Y volviendo a la cuestión, no dude en aceptar aquella oferta. Podía unir mis dos pasiones: la comunicación y la grafología.
Sálvame es la compañía de un anciano que se encuentra solo en una residencia, la merienda de una madre que llega cansada del trabajo o el entretenimiento de un adolescente que se encuentra perdido en el instituto. Algunos lo llaman telebasura, pero para mí Sálvame es transparencia, entretenimiento, provocación, improvisación, cachondeo, show y diversión. Un programa que ha enseñado al espectador a poner nombre a la violencia vicaria, a reivindicar los derechos del colectivo LGTBI, a llorar si es necesario y a gritar si te apetece. Son naturalidad y desnudez delante de una cámara.
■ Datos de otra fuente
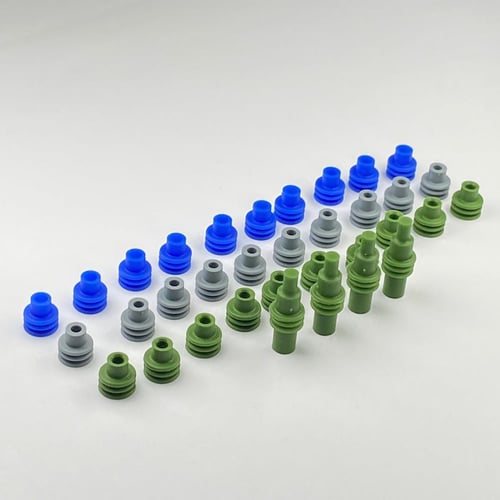 علبة فيوزات/كتاوت معزولة تماماً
Estoy y estaré siempre inmensamente agradecida a la productora por darme la oportunidad de trabajar con ellos, por dar visibilidad a la Grafología, por su cariño, profesionalidad y lejos de lo que muchos piensan, gracias por darme libertad para expresar mi opinión.
Quizás 14 años en pantalla era demasiado tiempo para seguir con lo mismo, pero estoy segura de que esto no es un punto y final, es un punto y seguido, porque el espectador añorará la identidad de aquel programa que supo distraernos de las pequeñas batallas a la que en ocasiones nos enfrenta la vida.